Lambing is due to start the ides of March (15th) and continue for 5 weeks. Some of the ewes are looking distinctly pregnant, so I decided to get them into their lambing paddock early so they can settle down, create some short grass "camps" and generally be calm and peaceful in the run-up to lambing. This is the first lambing I've done in 3 years: Clara, now a 3-year-old, was in the last tranche of lambing and will (hopefully) have her first baby this year, making me an honorary grandmother (yikes). Knowing the individuals as I do now makes lambing both scarier and more engaging.
The paddock I've been saving for lambing is the Grass Gully--good sight lines, so I can see the sheep easily from a distance and they sheep can be comfortable that they will see any predators trying to sneak up.
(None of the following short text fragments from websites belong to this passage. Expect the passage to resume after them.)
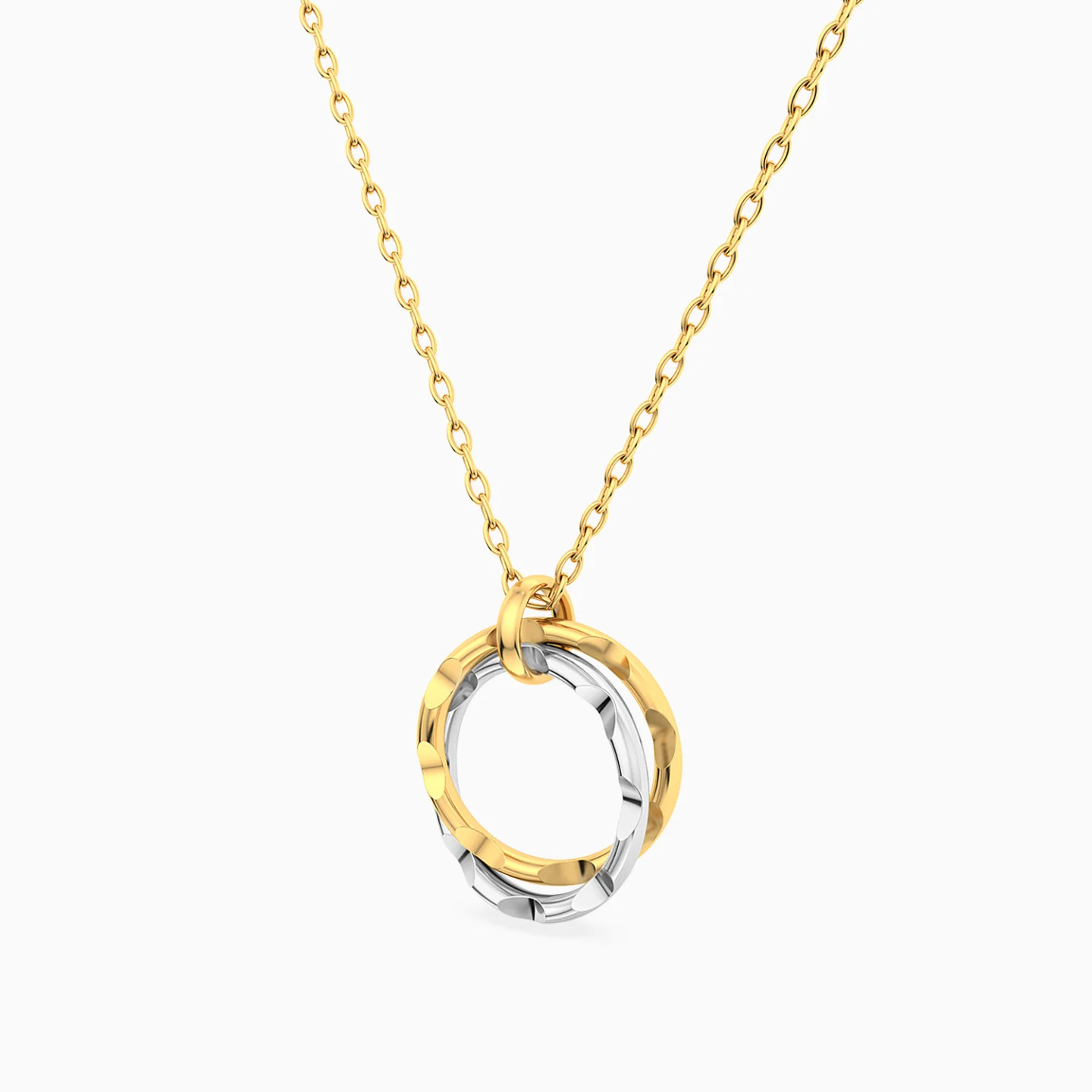 Interlinked Circles Necklace in 18K Gold - 2 Interlinked Circles Necklace in 18K Gold - 2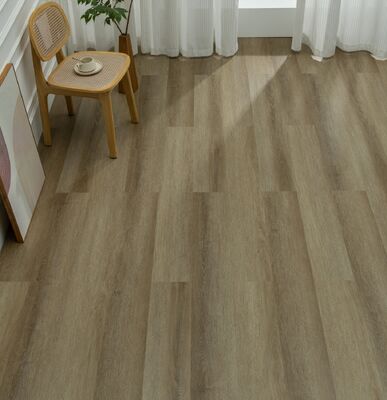 Comprar Impermeável e à prova de umidade Marrom 1220x180mm Piso interior SPC piso revestimento UV espessura 5mm padrão de madeira para edifícios e escritórios fabricação em linha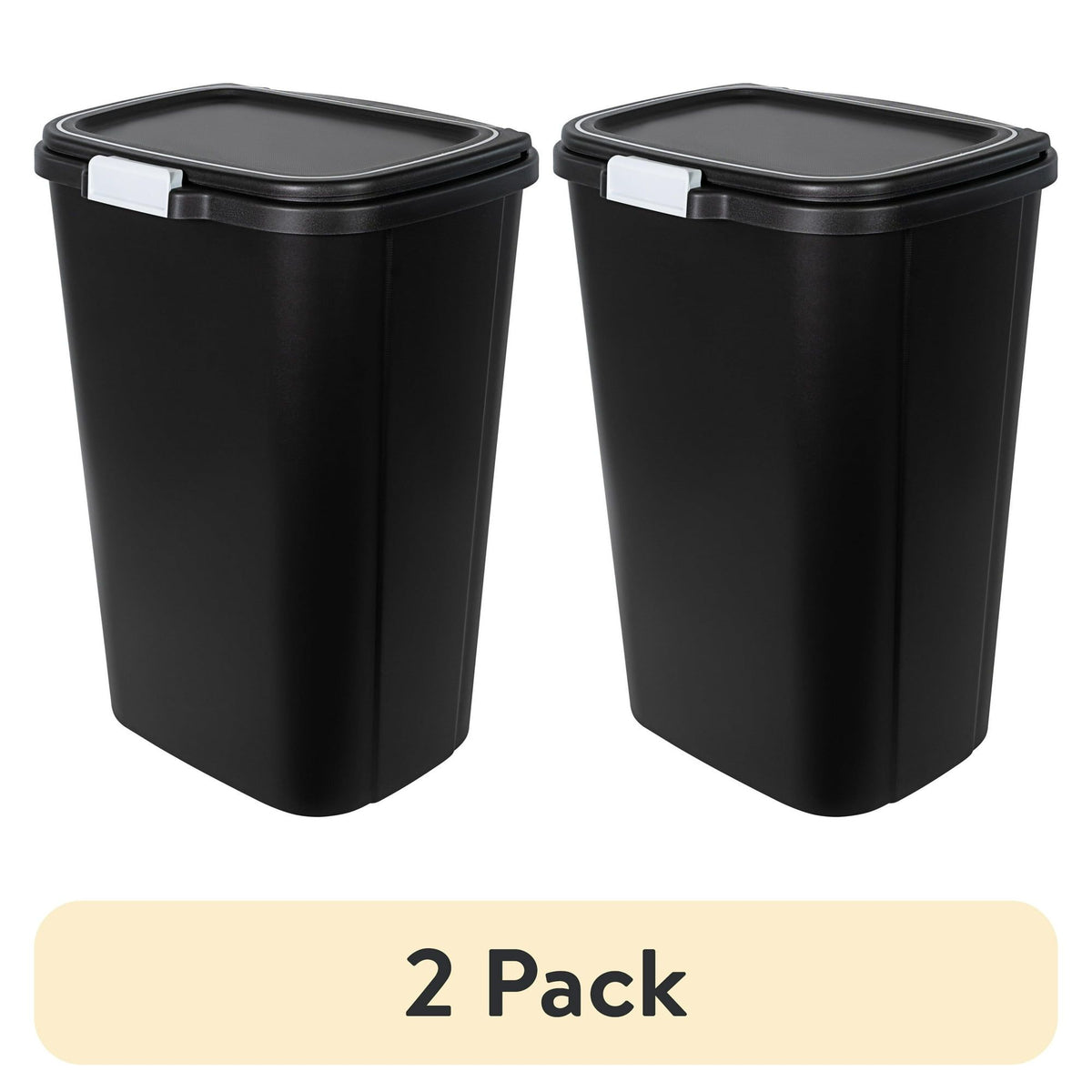 Kitchen Trash Can with Odor-Blocking Touch Lid and Flat-Back Design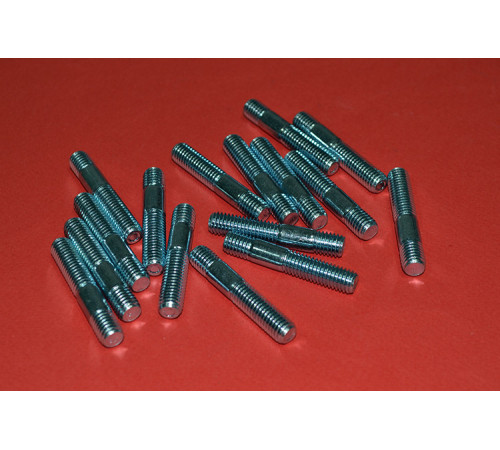 Шпилька М10 DIN 939 с ввинчиваемым концом длиной 1.25D класс прочности 8.8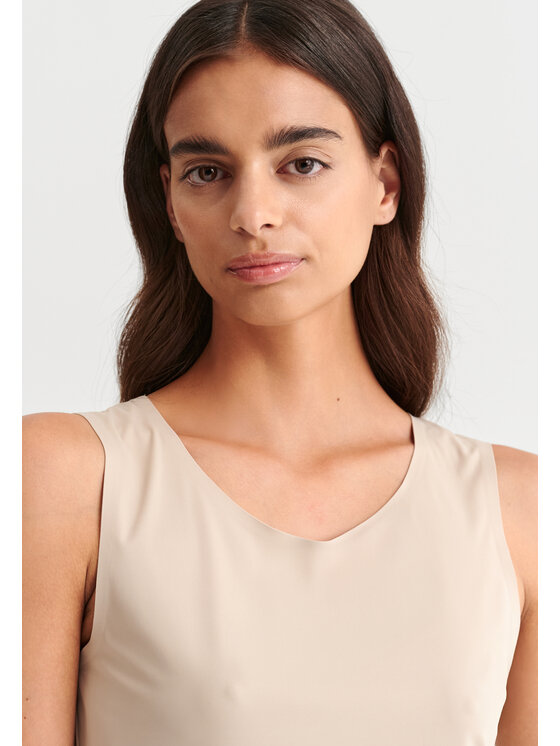TATUUM TATUUM Bluzka LETHA Beżowy Classic Fit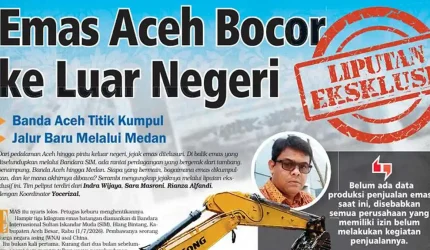 Hentikan Penjarahan Emas Aceh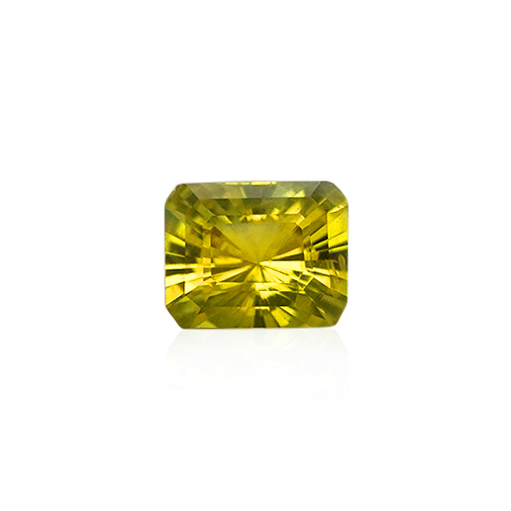 0.61 ct Yellow Sapphire - Radiant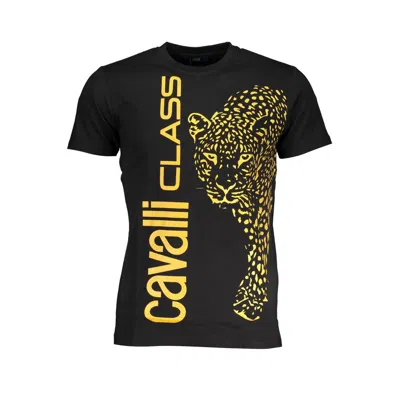 Cavalli Class Black Cotton T-shirt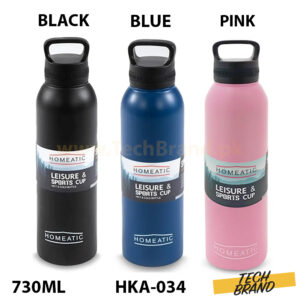 HOMEATIC Water Bottle Steel 730ml (HKA-034)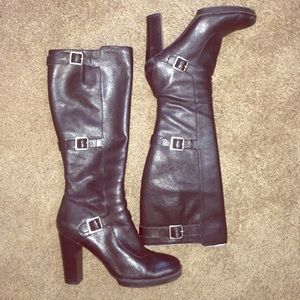 Nine West - Platform, Leather, Zip, Boot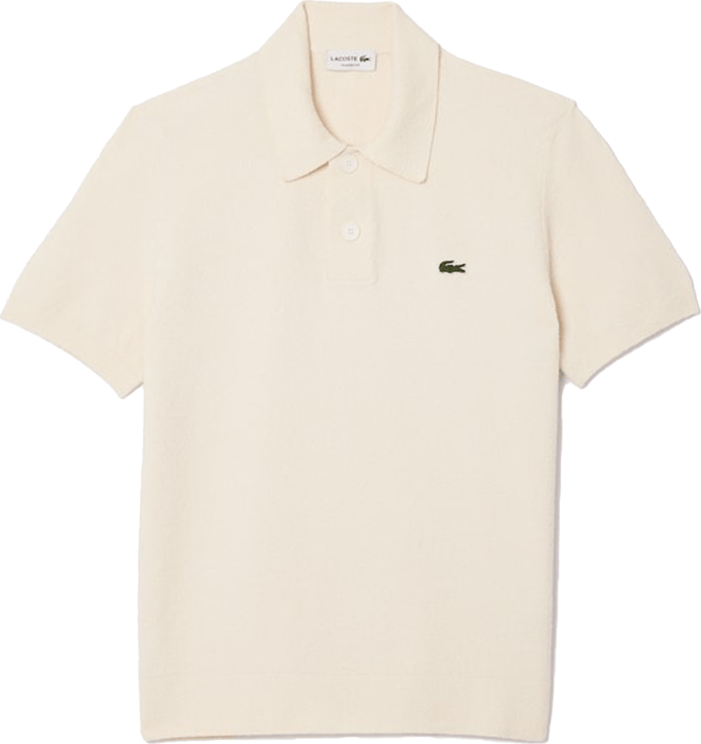 Lacoste polo a logo brode 2 Beige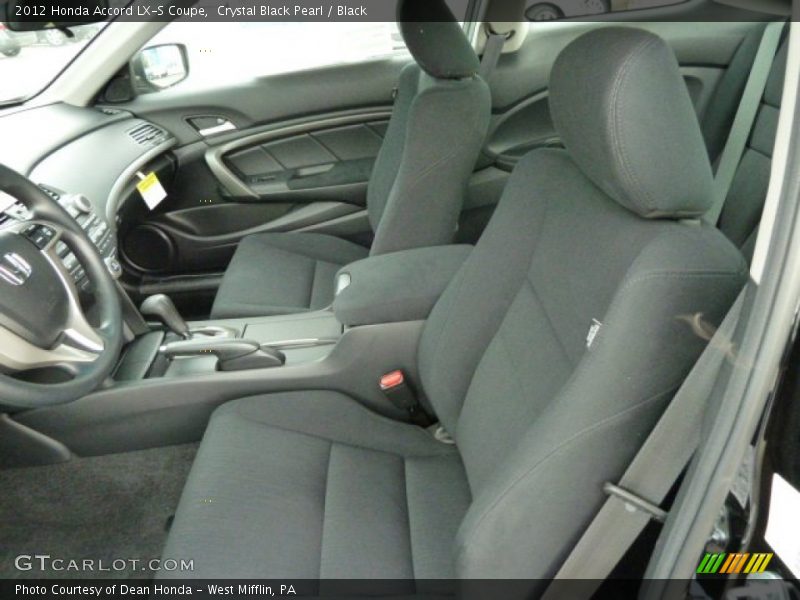  2012 Accord LX-S Coupe Black Interior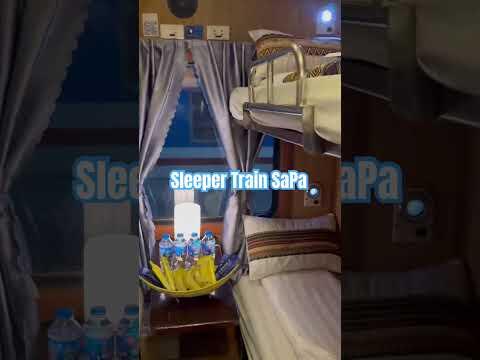Sleeper Train Hanoi to SaPa | A train Journey to SaPa | #shorts #sapa #hanoi #vietnam
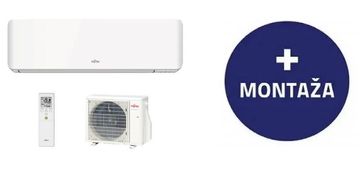 Fujitsu 24KMTA stenska klimatska naprava, z montažo
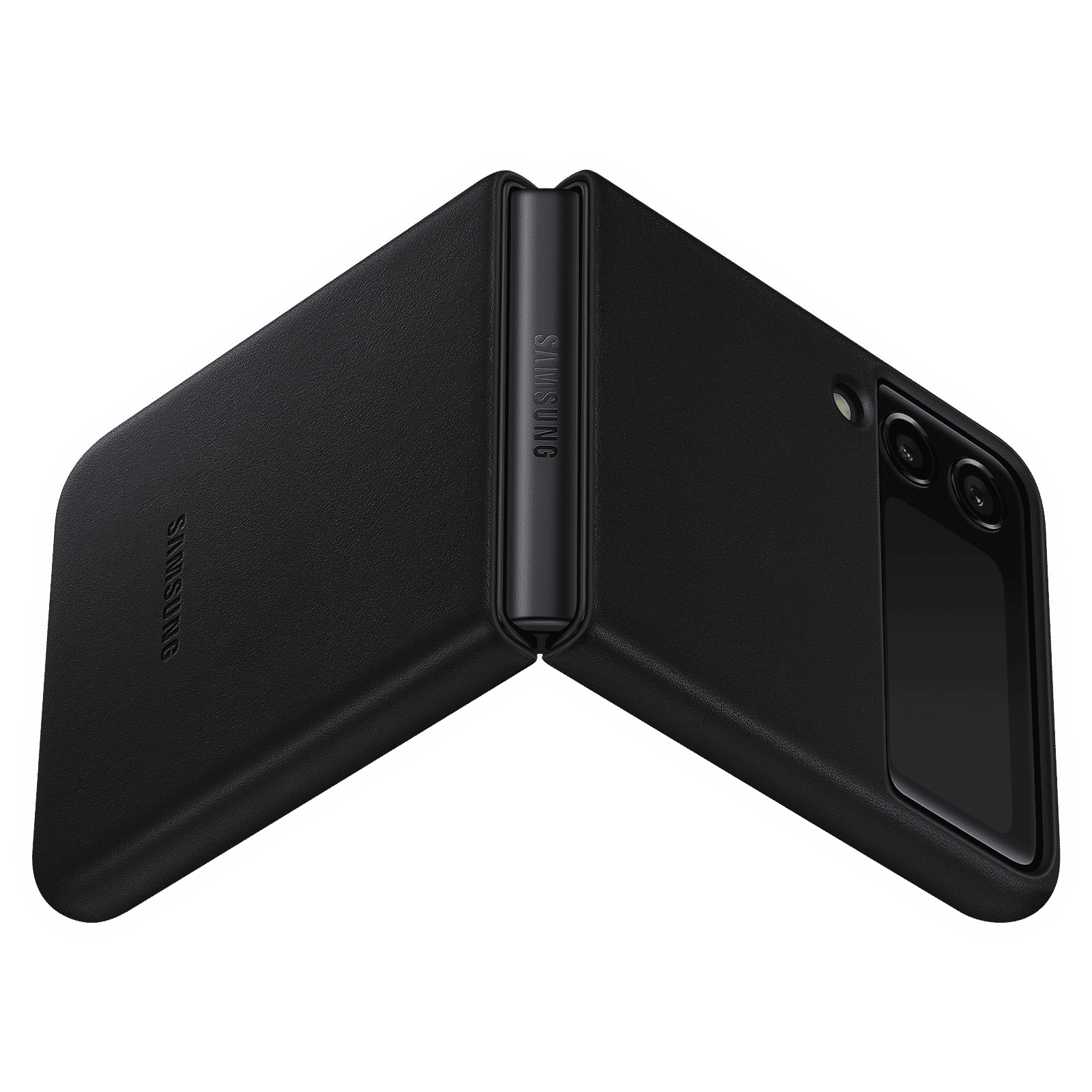 SAMSUNG Soft Leather Back Cover for SAMSUNG Galaxy Z Flip3 5G (Premium Protection, Black) SAMSUNG Soft Leather Back Cover for SAMSUNG Galaxy Z Flip3 5G (Premium Protection, Black)_7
The Grass Gully also has good "land-form" shelter from most wind directions: places where the contours of the land provide a natural wind-break. Another great perk of the Grass Gully for lambing this year is fabulous forage: lots of grass, chicory and lucerne. They should be getting everything they need for good nutrition pre- and post-natal.
The whole flock will be together for lambing, though only 100 ewes are pregnant (or at least could be pregnant). The social structure of the flock, which is now amazingly cohesive, means they help each other ward off avian predators (eagles and ravens) and share baby-sitting duties of the young lambs. I'm really looking forward to this lambing--confident that I won't need to intervene much, that the ewes will let me when I do, that the weather will be kinder than in October (when I used to lamb) and that I will learn all sorts of new things about my sheep in the process.